In 1748, the family of Frederick, Prince of Wales partook in the playing of a baseball-like game. The English lawyer William Bray recorded a game of baseball on Easter Monday 1755 in Guildford, Surrey; Bray's diary was verified authentic in September 2008.
A 1791 bylaw in Pittsfield, Massachusetts bans the playing of baseball within 80 yards of the town meeting house.
By 1796 the rules of this English game were well enough established to earn a mention in the German Johann Gutsmuths' book on popular pastimes. In it he described "Englische Base-ball" as a contest between two teams in which "the batter has three attempts to hit the ball while at the home plate"; only one out was required to retire a side. The book also predates the rules laid out by the New York Knickerbockers by nearly fifty years.

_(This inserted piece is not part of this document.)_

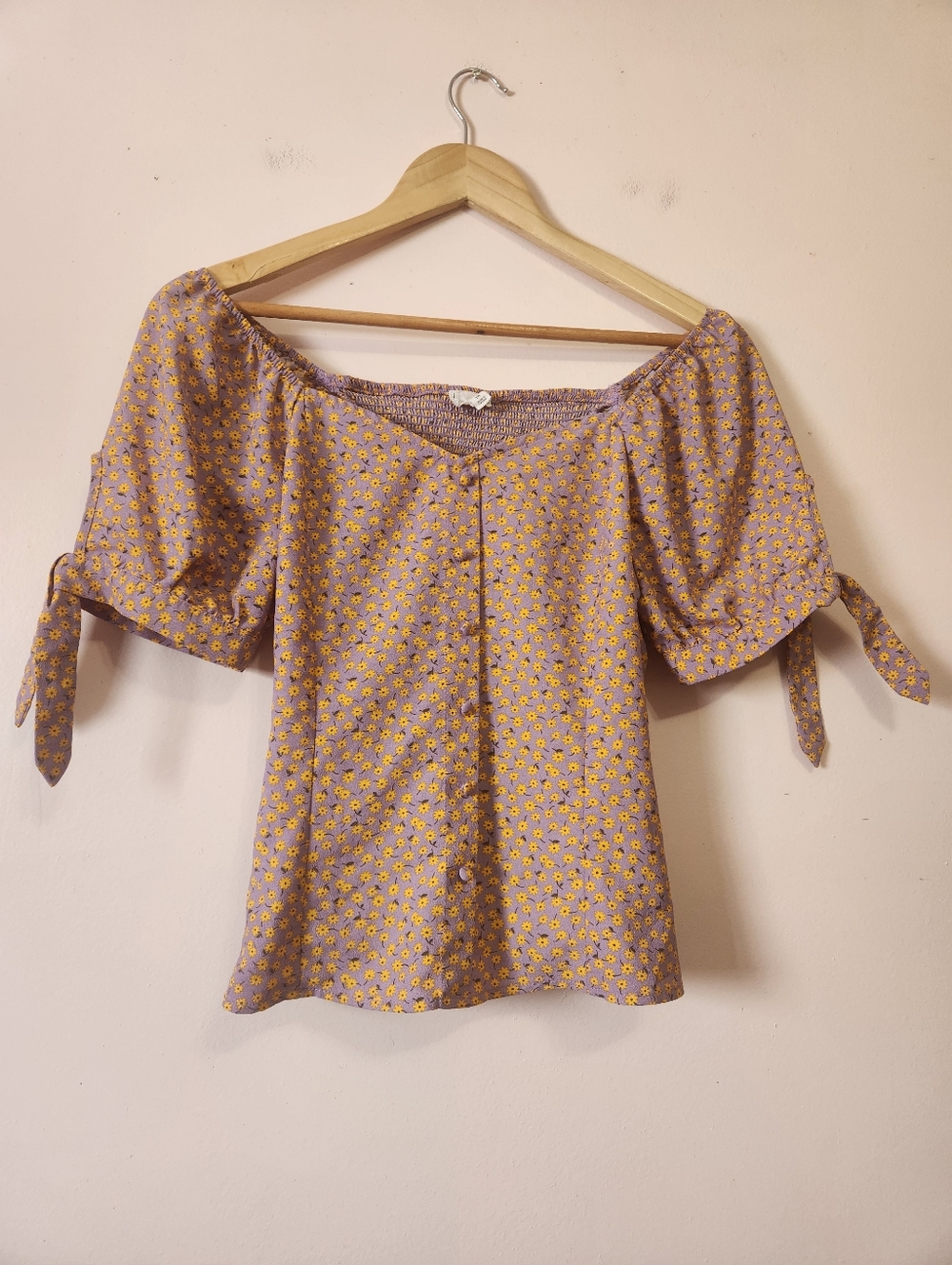 MINE Lavender Floral Off-The-Shoulder Puff Sleeve Button Front Top Size M EUC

The French book Les Jeux des Jeunes Garçons is the first known book to contain printed rules of a bat/base/running game. It was printed in Paris in 1810 and lays out the rules for "poison ball," in which there were two teams of eight to ten players, four bases (one called home), a pitcher, a batter, and flyball outs.
Another early print reference is Jane Austen's novel Northanger Abbey, originally written 1798-1799. In the first chapter the young English heroine Catherine Morland is described as preferring "cricket, base ball, riding on horseback and running about the country to books."

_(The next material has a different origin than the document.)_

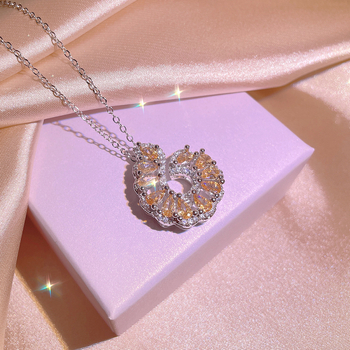 Set nakita: naušnice, ogrlica i narukvica; bijeli bakar; križni lanac; motiv insekata (let/šipak); umjetni kristal privjesak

In 1828, William Clarke in London, published the second edition of The Boy’s Own Book which included rules of rounders, and contains the first printed description in English of a bat and ball base-running game played on a diamond. The following year, the book was published in Boston, Massachusetts. Similar rules were published in Boston in "The Book of Sports," written by Robin Carver in 1834, except the Boston version called the game "Base" or "Goal ball." The rules were identical to those of poison ball, but also added fair and foul balls and strike-outs.
Also, in 1828, an article published in a Hagerstown, Maryland, newspaper briefly describes a young girl who is drawn away from her daily chores to play a familiar game with her friends. In "A Village Sketch," author Miss Mitford wrote: "Then comes a sun-burnt gipsy of six, beginning to grow tall and thin and to find the cares of the world gathering about her; with a pitcher in one hand, a mop in the other, an old straw bonnet of ambiguous shape, half hiding her tangled hair; a tattered stuff petticoat once green, hanging below an equally tattered cotton frock, once purple; her longing eyes fixed on a game of baseball at the corner of the green till she reaches the cottage door, flings down the mop and pitcher and darts off to her companions quite regardless of the storm of scolding with which the mother follows her runaway steps."
The account by Fred Lillywhite (1829–66) of the first English cricket tour to Canada and the United States in 1859 refers to the "base-ball game somewhat similar to the English and Irish game of 'rounders.'" A day's play was lost during a cricket match in New York due to snow, but a game of baseball was arranged about a mile away between "the players of that game and a portion of the English party" (The English Cricketers' Trip to Canada and the United States, 1860).
A unique British sport, known as British Baseball, is still played in parts of Wales and England. Although confined mainly to the cities of Cardiff, Newport and Liverpool, the sport boasts an annual international game between representative teams from the two countries.